This past Sunday I had the privilege of standing with Imam Ismail Nur and the Anglican Bishop Anna Greenwood-Lee in an act of solidarity and hope at a gathering for peace in Israel/Palestine. I was the first speaker at the vigil, and while I was thinking about acknowledging the un-ceded lands of the Lekwungen speaking peoples, I reflected on the harsh reality of dispossession. Dispossession of land, culture, economics. How many of us have recent ancestors, grandparents, great grandparents who needed to flee home to arrive to safety in Canada. The answer is too many. This is not a story that is specific to a geography or a specific culture, this is a very human story and I am afraid that with the impact of climate change this story is only going to ramp up and constantly hit closer and closer to each of us. I know that the conflict in Israel/Palestine is current and holds lots of emotions and I want to share some of my thoughts regarding the conflict through the lens of Jewish spirituality. I also want to stress the deep present need for Tikkun, cosmic repair that leads to Shalom, reconciliation that is overdue to our First Nation’s siblings.
Jerusalem is. called in Bible, Ir Shalem, the “City of Peace,” and it is anything but peaceful. A mystical understanding of Shalom, one of the names for Divine Source, is not simply the absence of violence, it is about wholeness. God is called Shalom because God in God’s unity is the force in our universe that balances opposing forces, like water and fire. When there is a lack of Shalom we feel fragmented. We learn from the second century sage Ben Zoma, that the person who is powerful is the one who can control their anger and emotional impulses.
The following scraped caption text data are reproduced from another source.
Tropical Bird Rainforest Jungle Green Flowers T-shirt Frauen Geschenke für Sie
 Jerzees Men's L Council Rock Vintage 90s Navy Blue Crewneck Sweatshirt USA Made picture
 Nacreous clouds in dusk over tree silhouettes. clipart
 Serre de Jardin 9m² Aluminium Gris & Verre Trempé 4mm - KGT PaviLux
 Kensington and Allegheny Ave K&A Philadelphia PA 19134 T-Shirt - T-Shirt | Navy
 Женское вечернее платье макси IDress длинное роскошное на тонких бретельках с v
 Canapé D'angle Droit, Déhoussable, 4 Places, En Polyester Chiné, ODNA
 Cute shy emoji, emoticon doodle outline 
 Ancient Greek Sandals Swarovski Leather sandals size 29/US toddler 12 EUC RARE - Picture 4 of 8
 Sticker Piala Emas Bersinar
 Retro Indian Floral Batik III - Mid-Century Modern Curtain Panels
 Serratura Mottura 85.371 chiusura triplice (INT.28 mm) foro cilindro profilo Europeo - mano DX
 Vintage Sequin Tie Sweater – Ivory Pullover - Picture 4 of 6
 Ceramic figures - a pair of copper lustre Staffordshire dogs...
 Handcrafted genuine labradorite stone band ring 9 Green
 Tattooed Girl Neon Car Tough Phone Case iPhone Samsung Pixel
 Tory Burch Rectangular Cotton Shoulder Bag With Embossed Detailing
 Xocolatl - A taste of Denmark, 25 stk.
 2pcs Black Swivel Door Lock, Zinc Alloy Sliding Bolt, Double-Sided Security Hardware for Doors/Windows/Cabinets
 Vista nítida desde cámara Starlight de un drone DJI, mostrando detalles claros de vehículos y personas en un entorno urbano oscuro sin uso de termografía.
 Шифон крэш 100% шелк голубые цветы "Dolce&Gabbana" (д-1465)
The vacuum of leadership in Israel and Palestine seems to feed on an ongoing victimhood narrative and ensuing competition of who is the biggest victim must stop. It only feeds the conflict and allows for a false sense of righteousness that often enters the realm of “whataboutism.” It forces people to take sides and either become pro-Israeli or pro-Palestinian and this manifests as an obstacle to being pro-peace.
It is clear to me that Israel will not be truly free until Palestine is free. Controlling others, even if there is a just temporal reason to do so, is a form of oppression. The oppressed, like flowing water cannot be stopped and will some day rise up.
Nationalism in its extreme forms is gaining a grip on our planet and has a grip on Israel/Palestine. This kind of nationalism is a desecration of God’s name because it allows for an ideology or in this case holy land to become an idol. It is a form of desecration because it negates hope and it negates seeing the other through the eyes of Divine Source as a being created in God’s image. Each human is deserving of infinite dignity because we are all emanations of the Divine. Extreme nationalism needs an enemy and an enemy is someone who must be other for one’s own sense of safety and it is impossible to see an enemy as a fellow human traveller created as you are in God’s image. It is clear to me that Israel will not be free until Palestine is free.
It teaches in Psalm 29 that in God’s sanctuary we all say “Kavod,” honour, respect and glory. Unlike other cities where people allowed themselves to get caught up in the escalating conflict and in some cases resorted to physical violence and deep anti-Semitism and islamophobia we as spiritual leaders in Victoria are working towards dialogue and relationship building that fosters connection, understanding and ultimately Shalom.
Rabbi Harry Brechner is Rabbi of Congregation of Emanu-El in Victoria, B.C.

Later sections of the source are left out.